The ask was load balancing and high availability at a lower cost and without DNS. There’s a lot of places where that might have been useful, but the one we’re going to look at now was a critical linchpin of the year 2000 network: Check Point’s Firewall-1. FW-1 was the best commercially supported way to build a bastion host, with proxy options that supported protocol filtering of the most useful services. It wasn’t uncommon to see network diagrams with beefy Solaris servers running FW-1 between the company and the Internet, or sitting between different internal networking zones. What the product didn’t have at the time was fault tolerance or horizontal scalability, which is where Rainfinity or StoneSoft came in.

Rainfinity’s secret sauce was figuring out that ARP (address resolution protocol) didn’t have to be a passive thing: instead of waiting for a request, a device could issue a gratuitous ARP response and announce ownership of an IP address. Furthermore, you don’t have to have 1:1 interface to IP address mapping, you could do many IPs on a single interface. That meant you could use software to move virtual IP addresses around between systems. Configure a pool of addresses that your servers share, and when a server goes down (or is no longer heartbeating!) the relevant IPs are claimed by other servers. Now it’s called NIC teaming or link aggregation: back then, it was RAIN (Redundant Array of Independent Nodes) and Rainfinity was the company that the engineers who built it were hoping to monetize the tech with.

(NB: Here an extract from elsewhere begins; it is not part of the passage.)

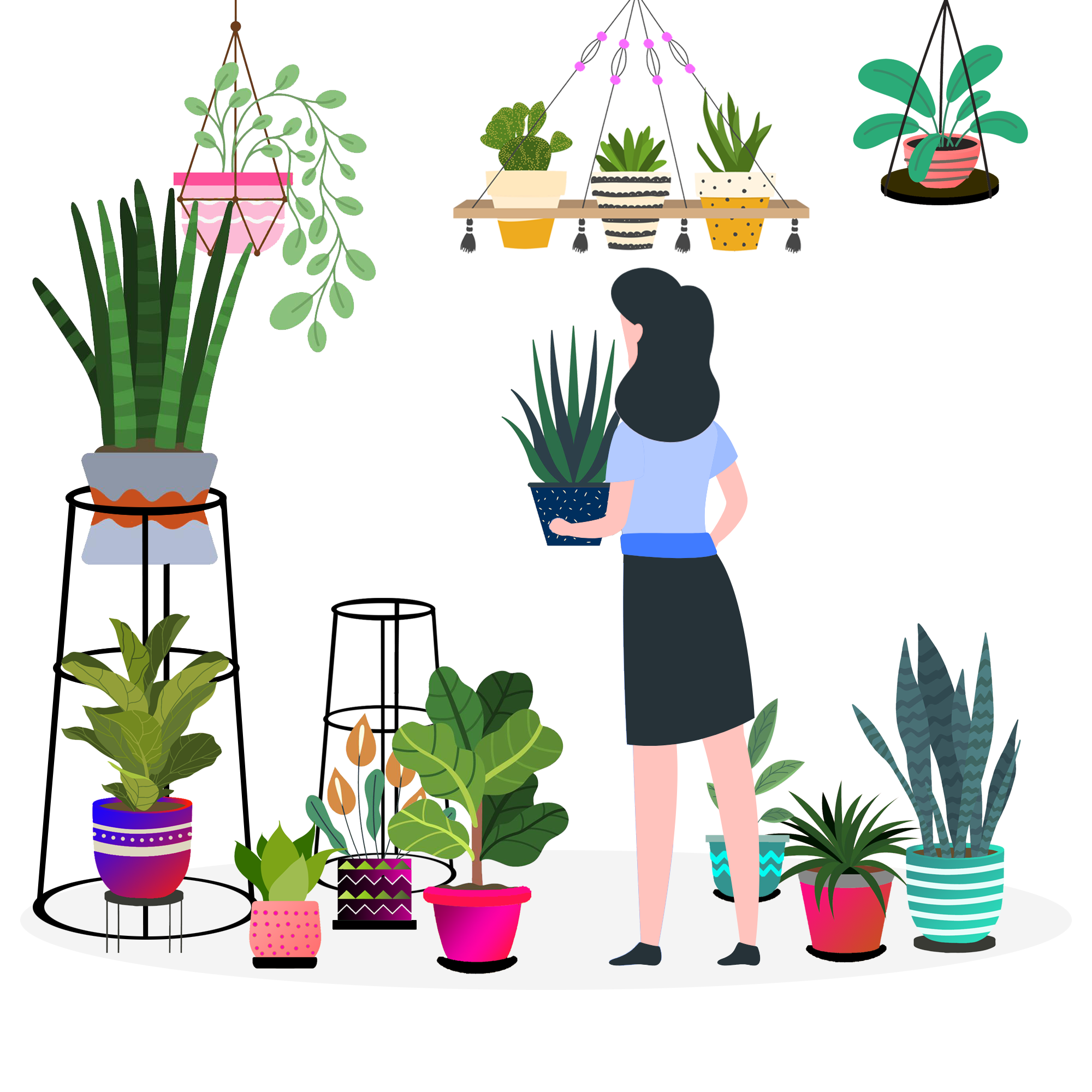 Plants illustration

Today is not the day to go into what happened with Rainfinity or opinions on why; instead let’s talk about how a sales engineer like me would help a customer understand what this does and why they’d want it.

The story
Sales is about finding a problem and providing a solution; repeatable sales motions target specific problems with easy to understand solutions. If it’s really easy, you don’t need interactive help. You don’t need sales engineers to explain why you might want some glue, or how to glue two parts together. Complex problems are different, especially the problems in a newly emergent system. In fact, the prospect might not even be sure what’s causing the problem that they’re having. So a lot of the process was to discuss their business and find the problems. “How’s your network set up? Where are your firewalls? Do you use the Internet? What happens when a firewall fails, does that impact your business?” Sometimes you’d uncover (or get pulled into!) problems you couldn’t solve, such as email worms. Once we were sure there was a problem we could solve, we’d start the deck and give an overview of who the company was (CalTech! JPL!) and how the tech worked. Then it was time to show it off.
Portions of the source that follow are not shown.